TASK BRIEF >> Give the data again word for word; drop the pictures.

COLLECTED MATERIAL >>
= = = =
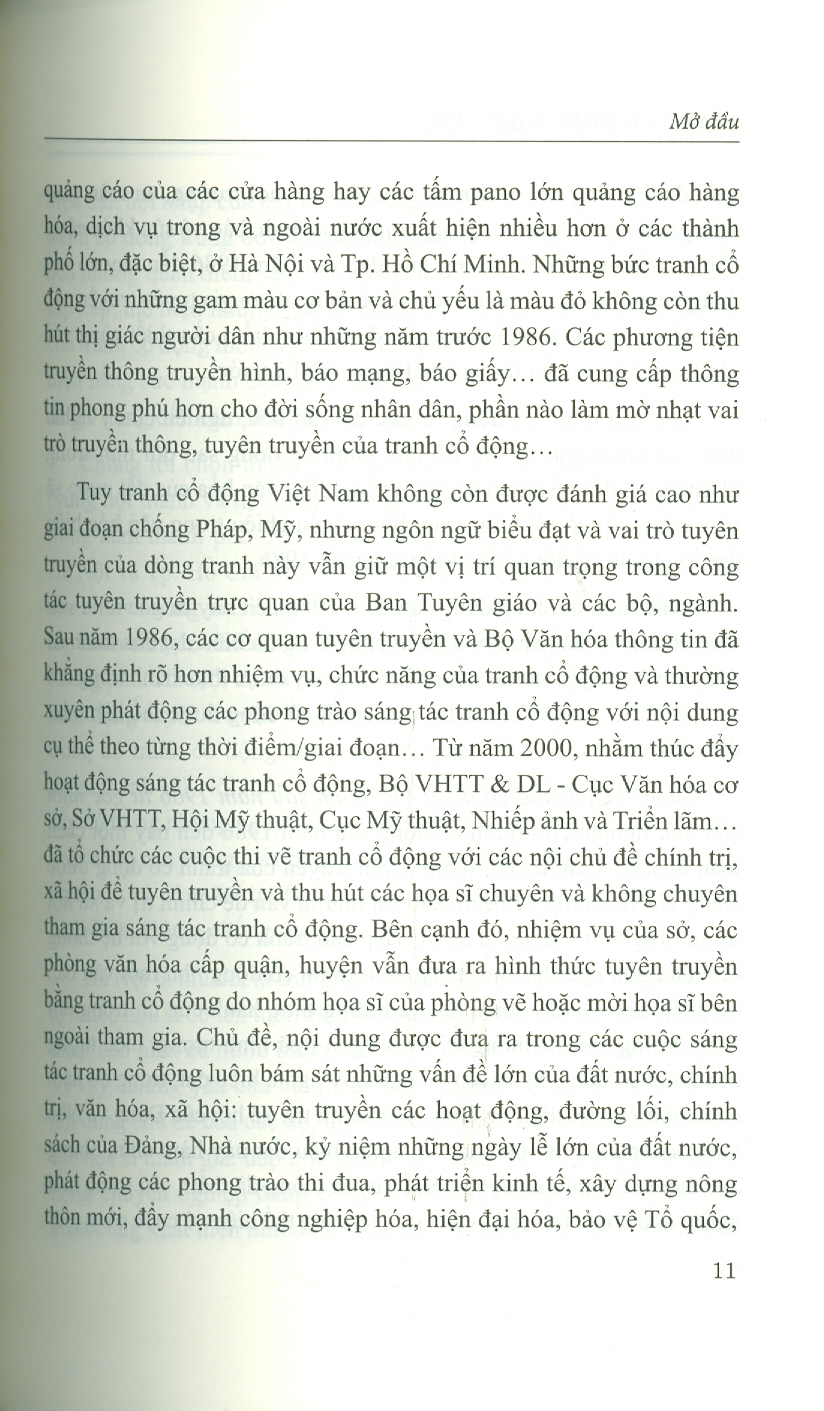 Tranh Cổ Động Việt Nam Sau Năm 1986 Từ Góc Nhìn Văn Hóa (Sách chuyên khảo)
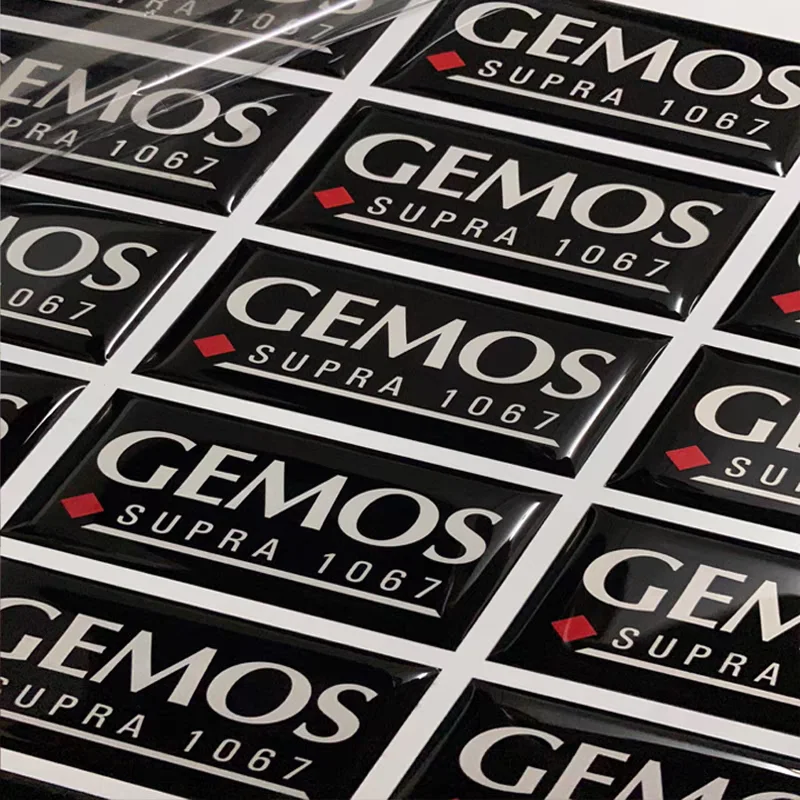 맞춤형 투명 3D 돔 송진 스티커, 인쇄 방수 자체 도장, 원형 직사각형 크리스탈 라벨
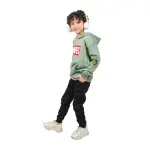 Olive green Tie-Dye Hoodie with Marvel Print 💥
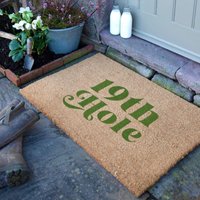 Artsy Mats 19th Hole Doormat (90 x 60cm) in Brown | Size: 90 cm x 60 cm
= = = =
OUTPUT >>
 Tranh Cổ Động Việt Nam Sau Năm 1986 Từ Góc Nhìn Văn Hóa (Sách chuyên khảo)
 맞춤형 투명 3D 돔 송진 스티커, 인쇄 방수 자체 도장, 원형 직사각형 크리스탈 라벨
 Olive green Tie-Dye Hoodie with Marvel Print 💥
 Artsy Mats 19th Hole Doormat (90 x 60cm) in Brown | Size: 90 cm x 60 cm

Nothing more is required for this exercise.